**SOURCE DATA**

⟨

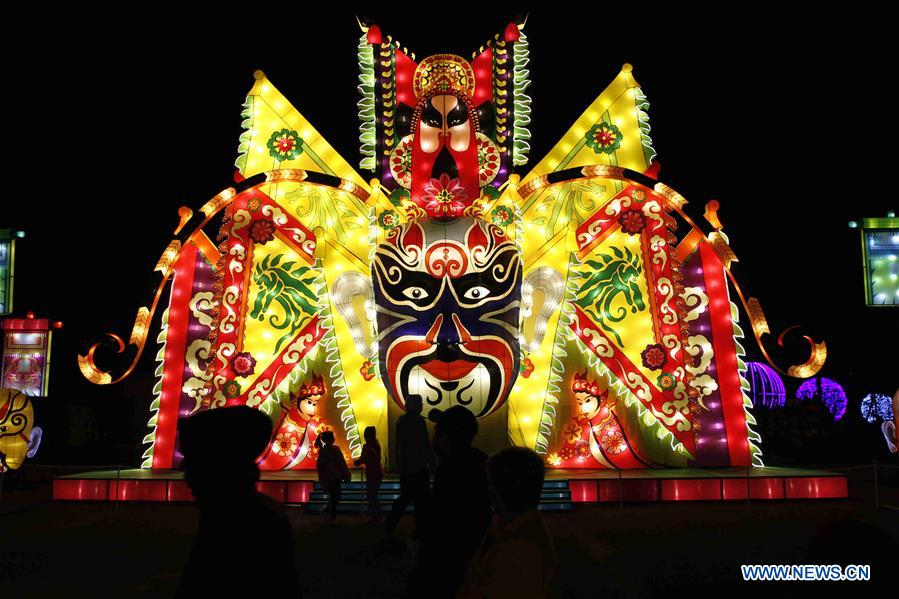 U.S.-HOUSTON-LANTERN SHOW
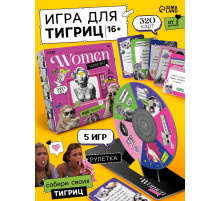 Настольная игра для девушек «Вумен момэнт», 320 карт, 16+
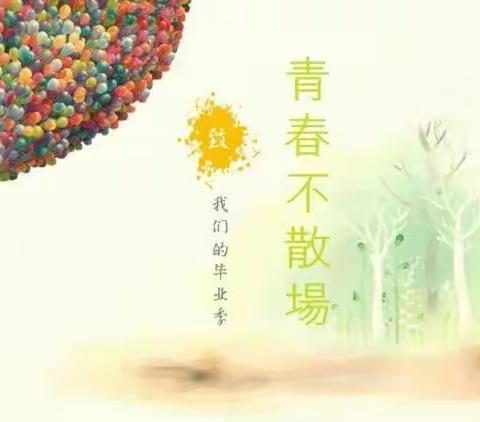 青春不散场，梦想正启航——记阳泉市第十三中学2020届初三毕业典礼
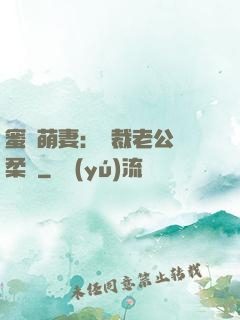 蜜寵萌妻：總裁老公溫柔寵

⟩
⟨

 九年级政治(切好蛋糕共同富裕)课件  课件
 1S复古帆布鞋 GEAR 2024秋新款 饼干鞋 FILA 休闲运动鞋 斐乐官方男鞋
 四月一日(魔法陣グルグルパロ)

⟩
⟨

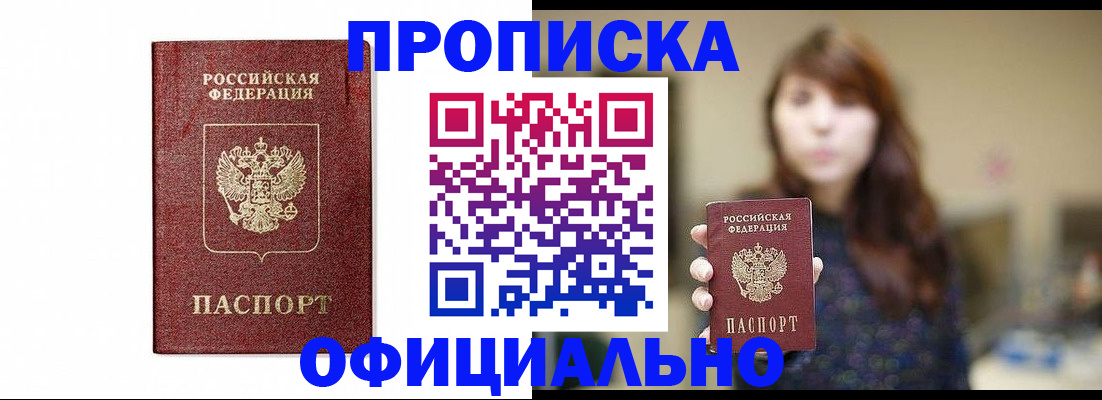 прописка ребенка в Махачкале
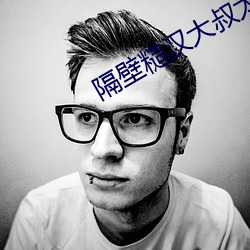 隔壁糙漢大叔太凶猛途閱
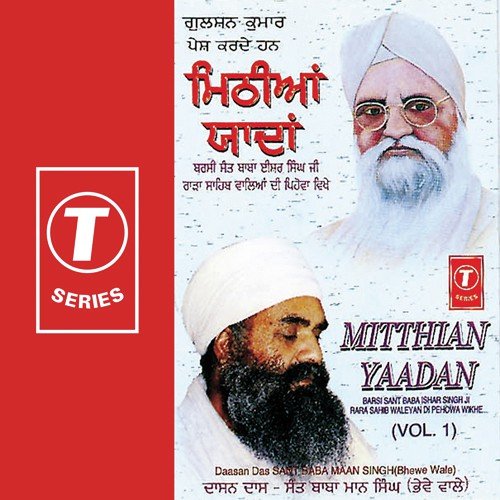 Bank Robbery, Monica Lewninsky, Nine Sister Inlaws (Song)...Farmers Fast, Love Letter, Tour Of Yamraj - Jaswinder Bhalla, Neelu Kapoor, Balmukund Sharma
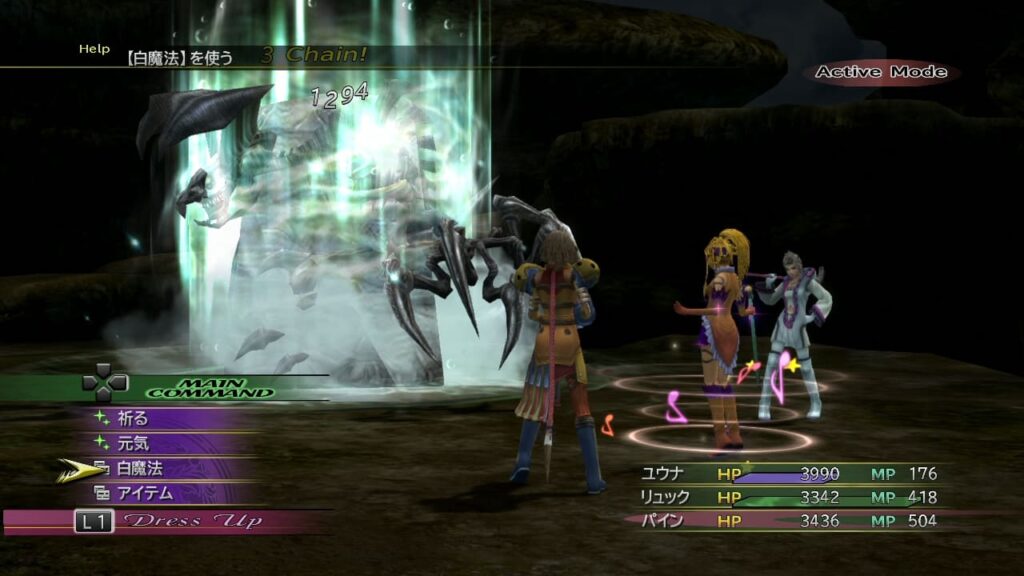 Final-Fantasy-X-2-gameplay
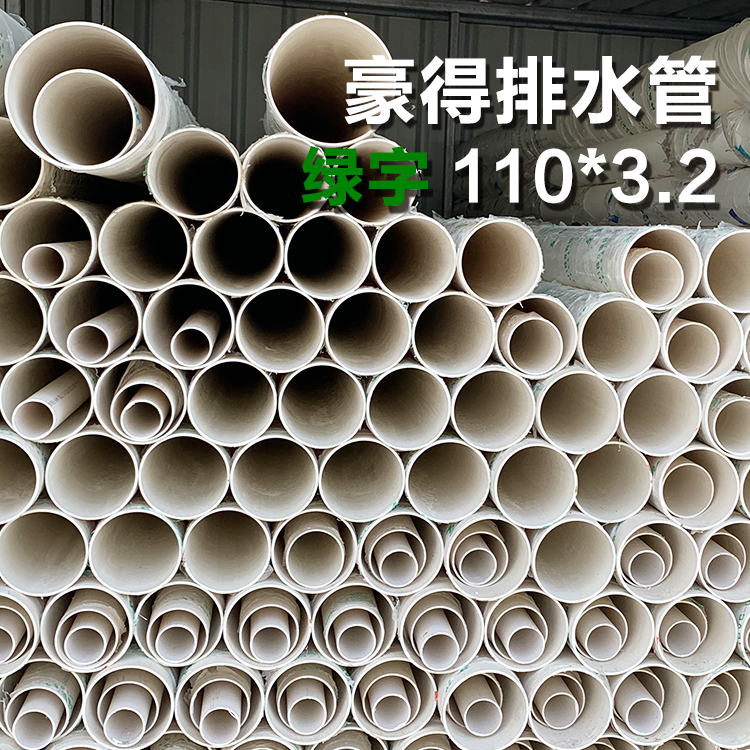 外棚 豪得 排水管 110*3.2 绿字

⟩

**ASSIGNED TASK**
Could you output exactly the lines above, from the line with "прописка ребенка в Махачкале" up to and including the line with "外棚 豪得 排水管 110*3.2 绿字", and nothing else, skipping the pictures?

**ANSWER TO THE EXERCISE**
 прописка ребенка в Махачкале
 隔壁糙漢大叔太凶猛途閱
 Bank Robbery, Monica Lewninsky, Nine Sister Inlaws (Song)...Farmers Fast, Love Letter, Tour Of Yamraj - Jaswinder Bhalla, Neelu Kapoor, Balmukund Sharma
 Final-Fantasy-X-2-gameplay
 外棚 豪得 排水管 110*3.2 绿字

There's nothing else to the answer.